#### [WHAT THE EXERCISE ASKS]
When the line with "Thumbnail 4 Another" appears below, start repeating lines exactly, and keep going through the line with "15mins堆堆长靴勃肯高筒骑士靴"; add nothing outside that span.

DATA FOR ANALYSIS below:

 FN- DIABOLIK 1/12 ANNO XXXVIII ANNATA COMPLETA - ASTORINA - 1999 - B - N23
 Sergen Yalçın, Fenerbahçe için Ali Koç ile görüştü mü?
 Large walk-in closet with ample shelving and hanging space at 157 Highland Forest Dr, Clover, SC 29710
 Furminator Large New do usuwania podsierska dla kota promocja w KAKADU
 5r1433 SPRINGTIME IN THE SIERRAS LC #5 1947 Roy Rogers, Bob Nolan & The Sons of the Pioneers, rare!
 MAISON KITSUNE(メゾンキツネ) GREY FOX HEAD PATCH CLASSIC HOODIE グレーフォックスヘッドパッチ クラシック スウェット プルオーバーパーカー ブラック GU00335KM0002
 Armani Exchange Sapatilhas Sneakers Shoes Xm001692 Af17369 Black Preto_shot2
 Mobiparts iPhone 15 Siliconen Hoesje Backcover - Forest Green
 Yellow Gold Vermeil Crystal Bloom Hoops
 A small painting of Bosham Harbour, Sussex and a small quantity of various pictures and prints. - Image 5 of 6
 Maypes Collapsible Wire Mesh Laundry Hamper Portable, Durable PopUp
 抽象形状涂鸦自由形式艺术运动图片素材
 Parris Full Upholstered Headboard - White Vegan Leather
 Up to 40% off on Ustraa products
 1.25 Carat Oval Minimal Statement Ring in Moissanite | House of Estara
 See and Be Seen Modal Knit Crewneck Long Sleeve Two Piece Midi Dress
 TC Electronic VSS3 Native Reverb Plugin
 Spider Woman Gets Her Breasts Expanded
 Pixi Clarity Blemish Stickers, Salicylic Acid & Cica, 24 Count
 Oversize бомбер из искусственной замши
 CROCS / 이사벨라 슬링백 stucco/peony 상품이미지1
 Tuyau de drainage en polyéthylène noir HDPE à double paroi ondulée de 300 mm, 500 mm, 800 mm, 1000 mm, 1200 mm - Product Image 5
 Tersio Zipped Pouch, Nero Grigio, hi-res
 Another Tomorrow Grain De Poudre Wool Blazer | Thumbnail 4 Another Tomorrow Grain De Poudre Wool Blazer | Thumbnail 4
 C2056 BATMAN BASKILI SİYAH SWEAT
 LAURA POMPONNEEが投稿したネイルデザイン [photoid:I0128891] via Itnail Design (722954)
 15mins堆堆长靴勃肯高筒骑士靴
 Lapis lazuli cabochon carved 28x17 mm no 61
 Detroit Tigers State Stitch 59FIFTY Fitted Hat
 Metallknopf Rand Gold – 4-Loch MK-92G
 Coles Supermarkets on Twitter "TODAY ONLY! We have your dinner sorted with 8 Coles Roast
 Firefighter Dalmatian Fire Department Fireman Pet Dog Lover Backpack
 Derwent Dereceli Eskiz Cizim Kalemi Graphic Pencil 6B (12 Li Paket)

End of DATA FOR ANALYSIS.

#### [RESPONSE BOX]
 Another Tomorrow Grain De Poudre Wool Blazer | Thumbnail 4 Another Tomorrow Grain De Poudre Wool Blazer | Thumbnail 4
 C2056 BATMAN BASKILI SİYAH SWEAT
 LAURA POMPONNEEが投稿したネイルデザイン [photoid:I0128891] via Itnail Design (722954)
 15mins堆堆长靴勃肯高筒骑士靴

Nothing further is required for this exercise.